As mentioned yesterday, mobile devices are a pretty big threat.  In fact, it’s so obvious to those of us in security, that we often wonder why we don’t see many attacks along this vector.  Of course, that all changed this past weekend.  Now that we’ve had one that got media attention, there will be more… and they’ll be trickier.

So how do you defend against them?

The easiest way is to forbid such devices from accessing your network.  This can be done by limiting access on the perimeter to various services.  However, this won’t do anything if someone either:

  1. Brings their device to their workstation and does a manual sync.
  2. Has proprietary data on the phone that can be accessed by an attacker.

So it’s a bit more complex than that.  Some people solve the problem by giving all employees a standard mobile device.  IT is then responsible for maintaining the device and making sure that it’s secure.  This model is pretty much the same as workstations.  It balances the business’s control against the employee’s desire to be accessible.

Others say that the mobile device is the employee’s responsibility and invests in technologies that allow greater auditing capabilities.  This way it doesn’t matter what attack vector is used, the data itself is protected.  It allows maximal flexibility for the employee, but does require that the audit technology be reasonably layered so that a failure in one spot doesn’t expose everything.

The real risk is when a business does neither. If mobile devices are allowed access, but not controlled or protected, and there is no internal audit process, an attacker can waltz right in and take what they want, all while some employee somewhere is distracted playing their iPhone Ocarina.

Small Business Attack – Mobile Attack

  • At November 11, 2009
  • By Josh More
  • In Business Security
  • 0

Despite all the humorous commercials to which I am now receiving links, you may have in your possession an iPhone. You may have even gone through the lengthly process of installing unofficial software on it. So there you are, all happy with your fancy toy and feeling smart about yourself. Then, one day, you turn it on and instead of getting your normal pretty backdrop of a baby hedgehog you get a photograph of Rick Astley… which isn’t quite the same thing, really.

It sounds far fetched, but that’s exactly what happened to a large number of iPhone users over the weekend. A worm was launched that specifically targeted iPhones and spread over the web in just a few hours. Now, in this case, the author was just trying to make a point, and the media is generally taking a light view of things… after all, Rick Astely is funny, right?

Let’s take a different view of the situation.

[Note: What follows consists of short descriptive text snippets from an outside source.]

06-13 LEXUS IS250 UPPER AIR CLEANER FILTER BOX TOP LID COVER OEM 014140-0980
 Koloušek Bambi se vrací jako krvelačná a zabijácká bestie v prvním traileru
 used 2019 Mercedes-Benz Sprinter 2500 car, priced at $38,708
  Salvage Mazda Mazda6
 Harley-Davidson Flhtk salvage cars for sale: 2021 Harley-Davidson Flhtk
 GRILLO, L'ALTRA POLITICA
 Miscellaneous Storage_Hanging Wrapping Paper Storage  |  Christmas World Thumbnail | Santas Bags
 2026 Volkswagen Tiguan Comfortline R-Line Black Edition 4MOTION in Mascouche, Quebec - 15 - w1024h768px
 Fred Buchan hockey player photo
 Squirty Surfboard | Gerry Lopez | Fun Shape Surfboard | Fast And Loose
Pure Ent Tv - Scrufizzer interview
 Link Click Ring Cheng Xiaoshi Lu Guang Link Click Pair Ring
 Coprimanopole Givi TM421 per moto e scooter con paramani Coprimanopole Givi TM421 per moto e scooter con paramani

Suppose that, one day, you turn on your iPhone and instead of getting your normal pretty backdrop of a baby hedgehog you get a photograph of Rick Astley. You shrug, go on with life and check your email. While you check your email, you notice that things a bit slow, but hey, it all works. You put your iPhone back in your pocket and head over to work. When you get to work, you see an upset security officer standing in your office, who informs you that someone hacked into your iPhone, copied all your email when you checked it, accessed your VPN password, used the VPN password to get into your network and download all your files, including the one containing access to your company’s bank account and transferred all of the money overseas.

That’s a bit more than an amusing little attack, isn’t it? However, to be fair, it is a little bit unrealistic. Let’s take a more realistic view:

The exact same things happened, but the security officer wasn’t waiting in your office for you. In fact, the security group didn’t even know what was going on until the accounting group called and let them know… which happened after they found the problem and were able to determine that it wasn’t an accounting error… which was in excess of the normal 48 hour window and now the money is gone, the business is going under and it’s your fault because your iPhone got hacked.

The risk here is that iPhones, Blackberries, Palms, Droids and the like aren’t phones. They’re little portable computers that work just like phones. More than that, they’re little portable computers that are always attached to the Internet, have no firewall, don’t run antimalware and are often connected directly to your network.

The fact that the first big worm just changed the background proves that we’re really lucky and should view this as a wakeup call.

Are you awake yet?

Security Lessons from Nature – Minimizing Shadows

  • At November 10, 2009
  • By Josh More
  • In Natural History
  • 0

Imagine for a minute that you’re a bug. You wander around looking for food and avoiding predators. Now, most critters that predate on bugs aren’t exactly the brightest. They just sort of fly around and look for anything that looks buggy and then try to eat it. There are generally only two clues for buggyness: movement and contrast.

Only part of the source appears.